La censure qui pesait sur les médias depuis un demi-siècle en Birmanie, faisant de ce pays l'un des pires de la planète en termes de liberté de la presse, a été abolie lundi, une étape majeure pour un secteur qui profite graduellement des réformes politiques en cours depuis 18 mois.

Le Département de l'enregistrement et de la surveillance de la presse (PSRD) du ministère de l'Information «a autorisé les journaux dans la catégorie politique et religion à publier sans envoyer au préalable leurs brouillons», a annoncé le ministère sur son site internet.

Les dossiers moins sensibles avaient déjà fait l'objet d'un assouplissement progressif depuis la dissolution de la junte en mars 2011 et l'arrivée au pouvoir du régime réformateur du président Thein Sein.

«Le système de la censure a débuté le 6 août 1964. Il s'est achevé 48 ans et deux semaines plus tard», a déclaré à l'AFP Tint Swe, l'ancien officier qui, à la tête du PSRD, a fait trembler les rédacteurs en chef de Birmanie pendant sept ans.

Ce pays était jusqu'à présent classé 169e sur 179 en matière de liberté de la presse par l'organisation Reporters sans frontières.

Mais plusieurs journalistes détenus ont été libérés ces derniers mois, comme d'autres prisonniers politiques, et les sites internet auparavant honnis comme ceux de la BBC et des médias birmans en exil sont devenus accessibles.

«Nous avons été en proie à l'inquiétude pendant de si longues années et aujourd'hui c'est fini», s'est réjoui Nyein Nyein Naing, directeur exécutif de l'hebdomadaire 7 Day News. Les médias restent pour autant sujets à des représailles à posteriori en cas d'informations qui «portent atteinte à la stabilité de l'État», a-t-il relevé.

De fait, radios et télévisions se soumettent notoirement à une auto-censure vigilante, à laquelle la presse n'échappera pas complètement. «Nous ne jouirons d'une totale liberté de la presse que lorsque la loi sur la presse, acceptée par tous les journalistes, sortira», a insisté le journaliste.

«Un grand jour pour tous les journalistes»

Le parlement travaille actuellement sur ce projet de loi. Le texte n'a pas été publié, mais des journaux ont été consultés sur son contenu, qui couvrirait notamment les droits et devoirs des journalistes et un code de déontologie.

Depuis son arrivée au pouvoir, l'ancien général Thein Sein a en particulier libéré des centaines de prisonniers politiques et demandé à l'opposante Aung San Suu Kyi, en résidence surveillée pendant 15 ans, de réintégrer l'échiquier politique légal.
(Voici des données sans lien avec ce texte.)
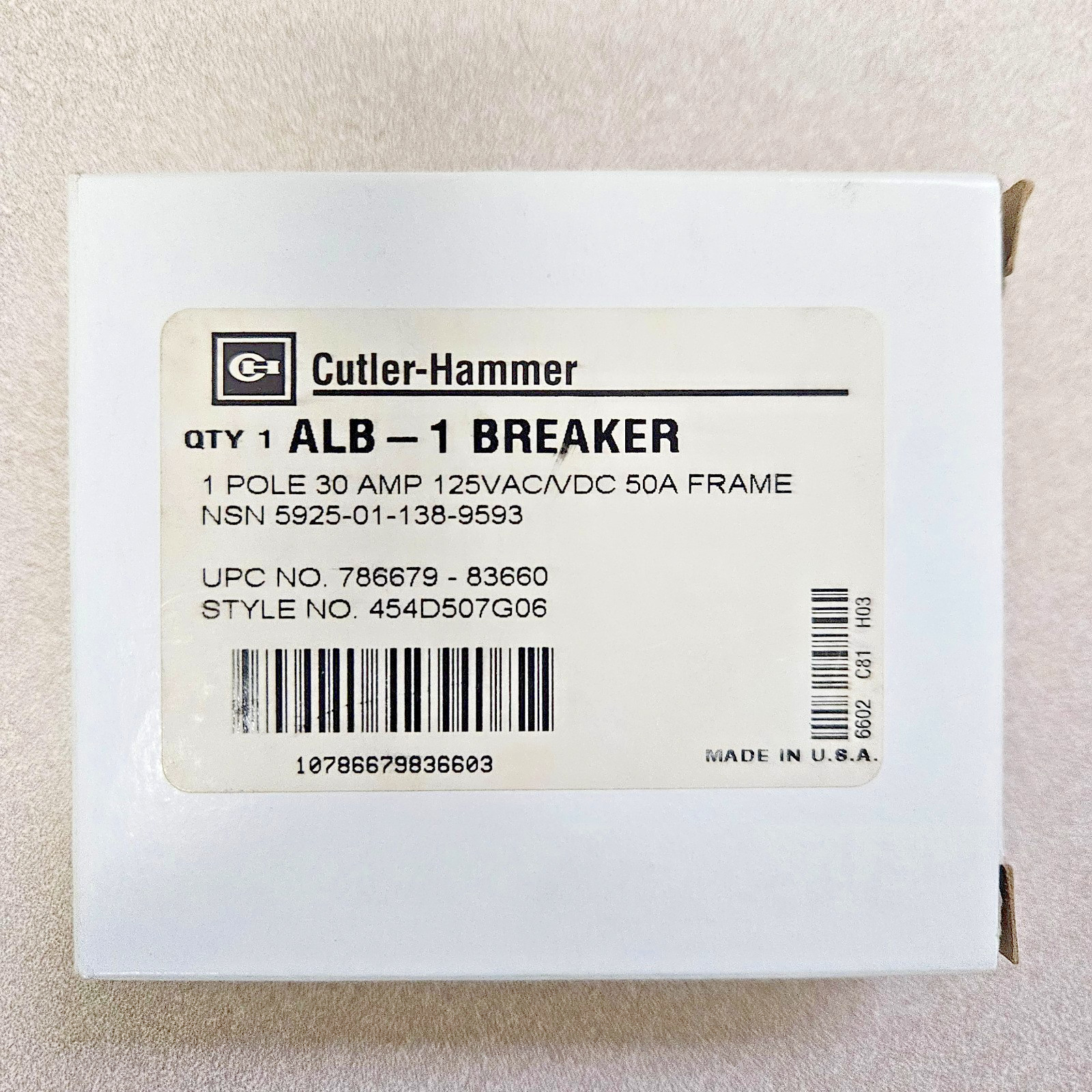 Eaton 1P, 30A/125VAC Circuit Breaker, 454D507G06, NSN 5925-01-138-9593, New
La lauréate du prix Nobel de la paix est ainsi devenue députée en avril, à la tête du premier parti de l'opposition, et a été reçue plusieurs fois par le chef de l'État. Ses activités sont désormais couvertes sans restrictions, après des années où sa seule évocation pouvait envoyer un journaliste en prison.

Dans le même temps, les journalistes repoussent peu à peu les limites de leurs prérogatives.

En mars, l'hebdomadaire The Voice, citant des parlementaires anonymes, avait écrit que le Bureau de l'auditeur général, équivalent de la Cour des comptes, avait découvert des fraudes et des détournements de fonds aux ministères des Mines, de l'Information, de l'Agriculture et de l'Industrie.

Une plainte d'un ministère est en cours. Mais un tribunal a déjà donné raison au journal sur le fait qu'il n'était pas tenu de divulguer le nom de l'auteur de l'enquête.

«C'est un grand jour pour tous les journalistes en Birmanie qui ont travaillé de si longues années sous d'odieuses restrictions», a estimé l'éditeur d'un hebdomadaire de Rangoun. «C'est un autre exemple encourageant des progrès que connaît le pays sous le gouvernement Thein Sein».